Vaccine and Drug Evaluation Centre, Department of Community Health Sciences, University of Manitoba, Winnipeg, MB, Canada.
Pharmacol Res Perspect. 2020 Dec;8(6):e00687. doi: 10.1002/prp2.687.
Characterizing long-term prescription data is challenging due to the time-varying nature of drug use. Conventional approaches summarize time-varying data into categorical variables based on simple measures, such as cumulative dose, while ignoring patterns of use. The loss of information can lead to misclassification and biased estimates of the exposure-outcome association. We introduce a classification method to characterize longitudinal prescription data with an unsupervised machine learning algorithm. We used administrative databases covering virtually all 1.3 million residents of Manitoba and explicitly designed features to describe the average dose, proportion of days covered (PDC), dose change, and dose variability, and clustered the resulting feature space using K-means clustering. We applied this method to metformin use in diabetes patients. We identified 27,786 metformin users and showed that the feature distributions of their metformin use are stable for varying the lengths of follow-up and that these distributions have clear interpretations. We found six distinct metformin user groups: patients with intermittent use, decreasing dose, increasing dose, high dose, and two medium dose groups (one with stable dose and one with highly variable use). Patients in the varying and decreasing dose groups had a higher chance of progression of diabetes than other patients. The method presented in this paper allows for characterization of drug use into distinct and clinically relevant groups in a way that cannot be obtained from merely classifying use by quantiles of overall use.
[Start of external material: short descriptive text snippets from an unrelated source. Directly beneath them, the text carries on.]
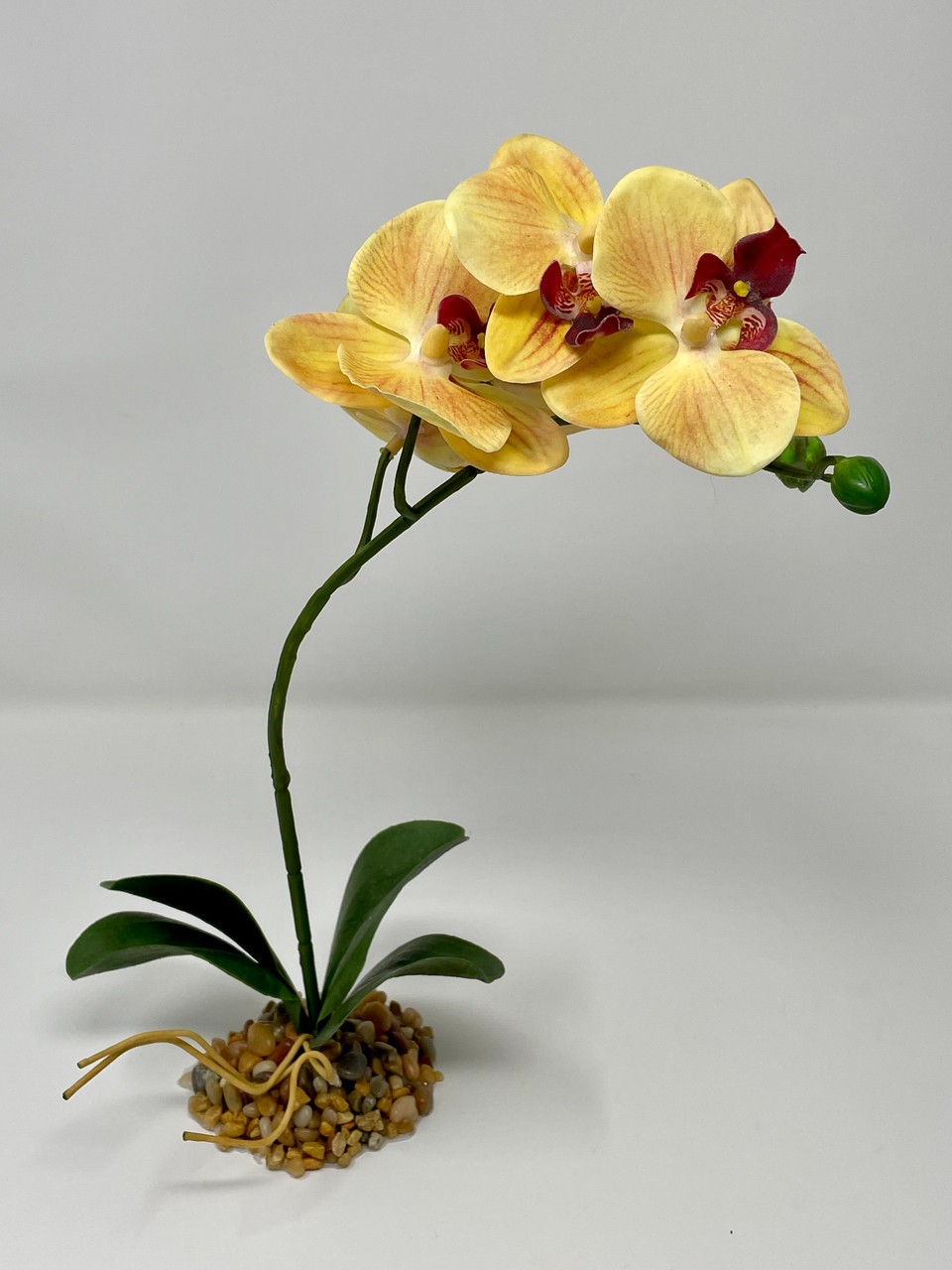 Home Decor 10-14″ Peach Orange PHALAENOPSIS ORCHID Soft Silk flower plant, Stone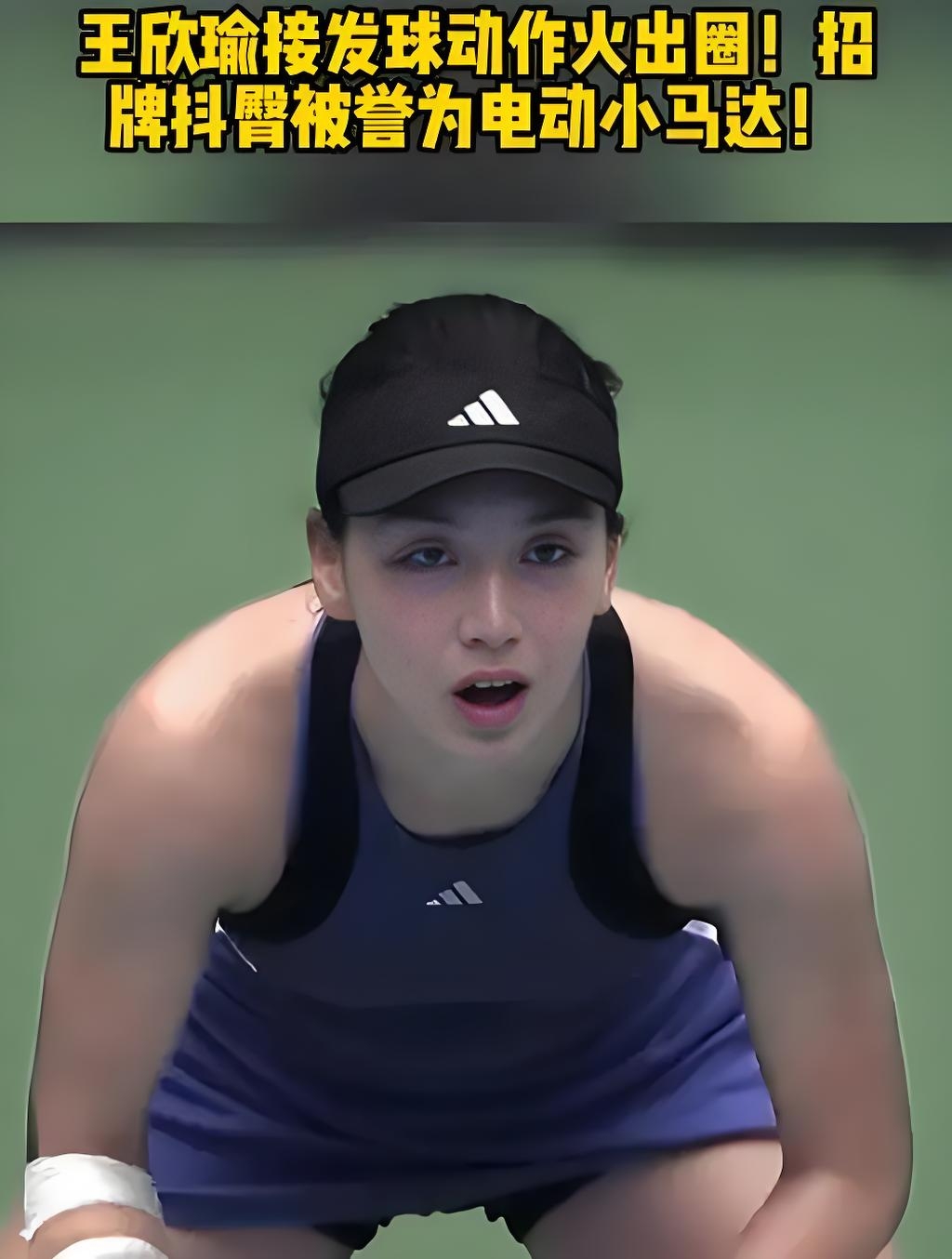 若今日灰熊 若今日灰熊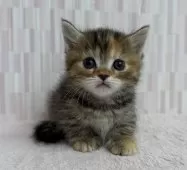 マンチカン(短足)【千葉県・女の子・2025年11月6日・ブラウンパッチドタビー】の写真3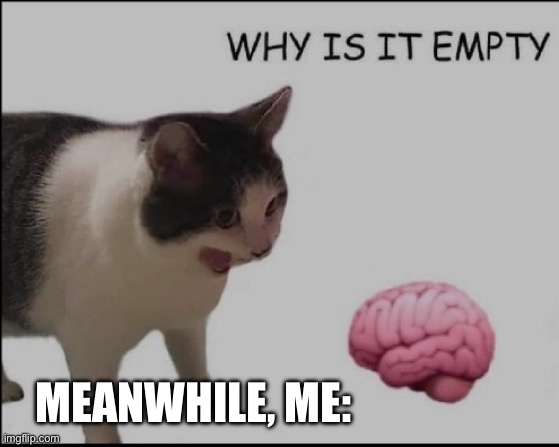 why is it empty? | MEANWHILE, ME: | image tagged in why is it empty | made w/ Imgflip meme maker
由于药物使用的时变性质,描述长期处方数据具有挑战性。传统方法根据累积剂量等简单措施将时变数据概括为分类变量,而忽略了使用模式。信息的丢失会导致暴露-结果关联的错误分类和有偏估计。我们引入了一种分类方法,使用无监督机器学习算法来描述纵向处方数据。我们使用了覆盖曼尼托巴省几乎所有 130 万居民的管理数据库,并专门设计了特征来描述平均剂量、覆盖率(PDC)、剂量变化和剂量变异性,并使用 K-均值聚类对生成的特征空间进行聚类。我们将这种方法应用于糖尿病患者的二甲双胍使用情况。我们确定了 27786 名二甲双胍使用者,并表明他们的二甲双胍使用的特征分布在不同的随访长度下是稳定的,并且这些分布有明确的解释。我们发现了六个不同的二甲双胍使用者群体:间歇性使用、剂量减少、剂量增加、高剂量和两个中剂量群体(一个剂量稳定,一个剂量变化大)。剂量变化和剂量减少的患者比其他患者更有可能发展为糖尿病。本文提出的方法允许将药物使用描述为不同的、临床相关的群体,而不仅仅是通过整体使用的分位数进行分类是无法获得的。